The traditional automatic evaluation of similarity against the reference labels results in a tie between the query-based and the \(\chi ^2\) labels. But our user study indicates the promising potential of query-based labels since many users favor them and if they do not, the query labels often are almost as popular as the \(\chi ^2\) labels.

5 Conclusion and Outlook

We have presented a solution to the abstract problem of automatically formulating a query that retrieves a given document set. This abstract problem has an interesting use case in the scenario of cluster labeling where the task is to generate good labels for the individual clusters that “tell” the user something about the contained documents. Our idea of using queries as the labels (derived by solving the abstract query formulation problem) has shown promising performance when compared against standard cluster labeling approaches. Using traditional and our newly proposed ESA-based evaluation measure, our query-based cluster labels are on par with the standard methods.

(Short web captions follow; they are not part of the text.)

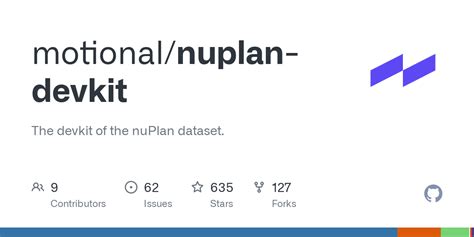 Image result for Nuplan Algorithm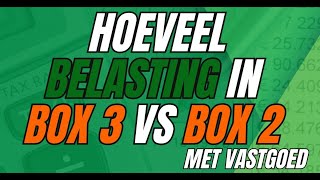 Hoeveel belasting betaal ik in box 3 in 2024 [upl. by Desma]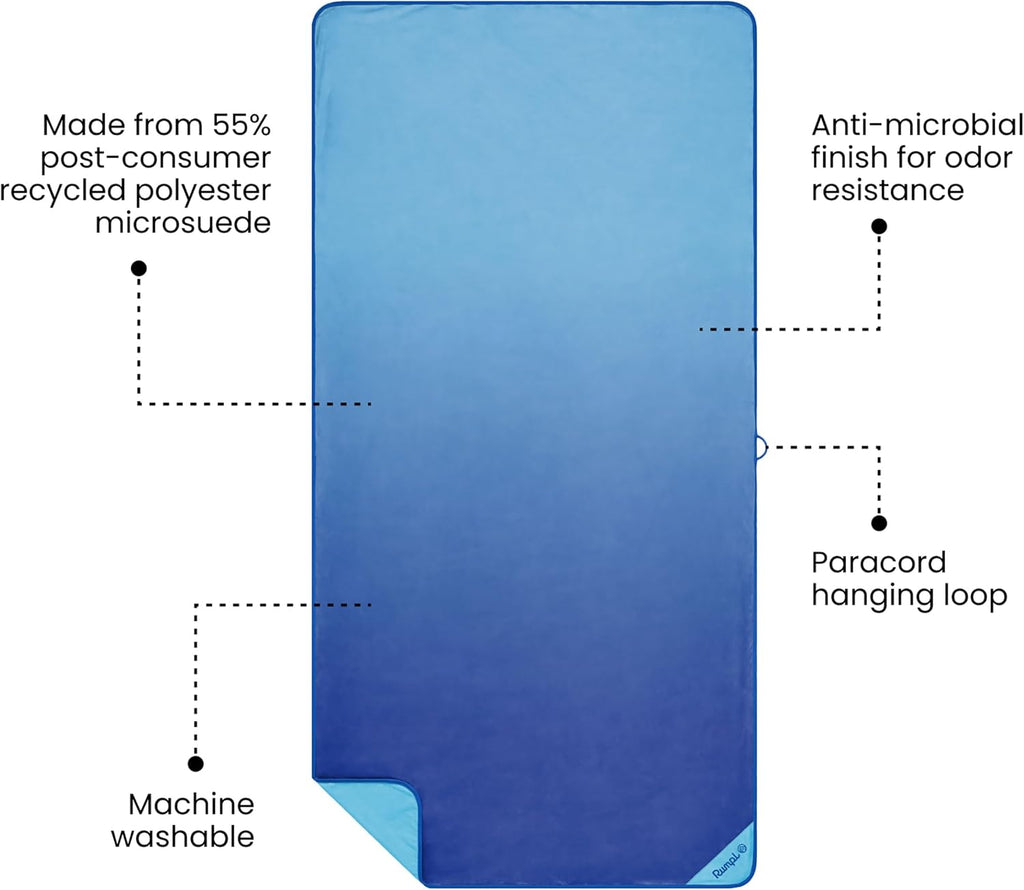 Rumpl Tech Towel, Quick-Dry for Travel, Beach, and Camp, Blue Sky Fade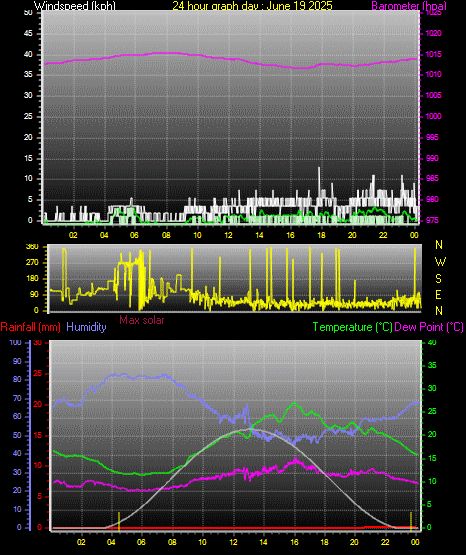 24 Hour Graph for Day 19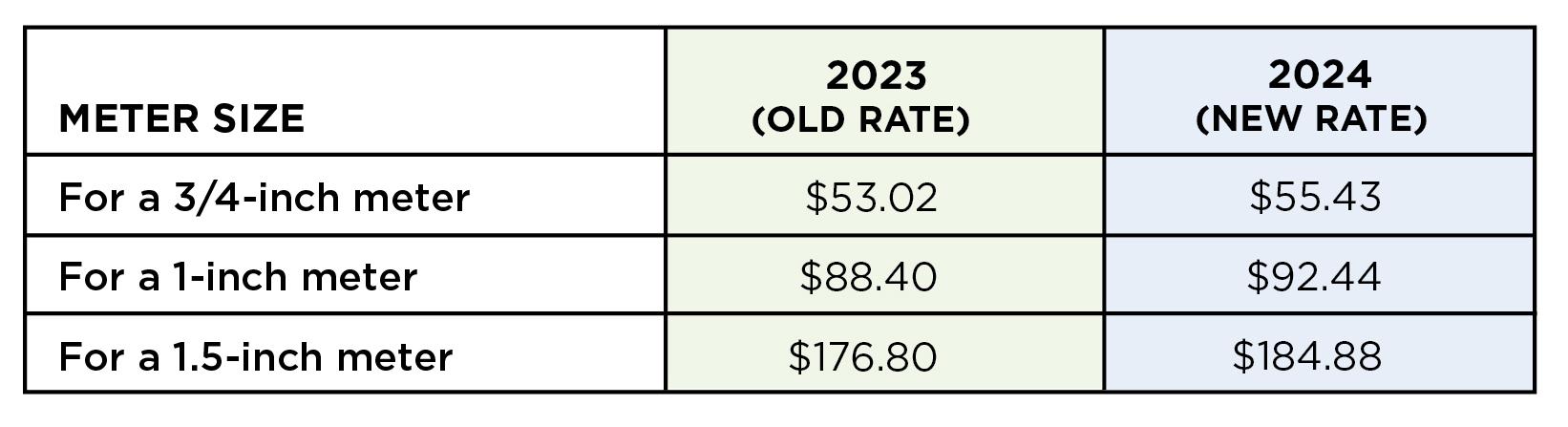 2024 Rates | San Jose Water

A further user study showed a clear tendency that users prefer the idea of queries as cluster labels over the standard methods.

As for future research, the full potential of our query-based cluster labeling idea should be exploited by enhancing the currently used rather basic BM25F retrieval model. Including for instance synonyms and putting more emphasis on keyphrases as the basis queries, we envision an even better quality of queries as cluster labels. It also would be very interesting to examine the usage of queries itself to guide the whole clustering process by for instance using a document’s keyqueries [9] as the clustering features. The queries used for clustering would then directly form appropriate labels at no additional costs.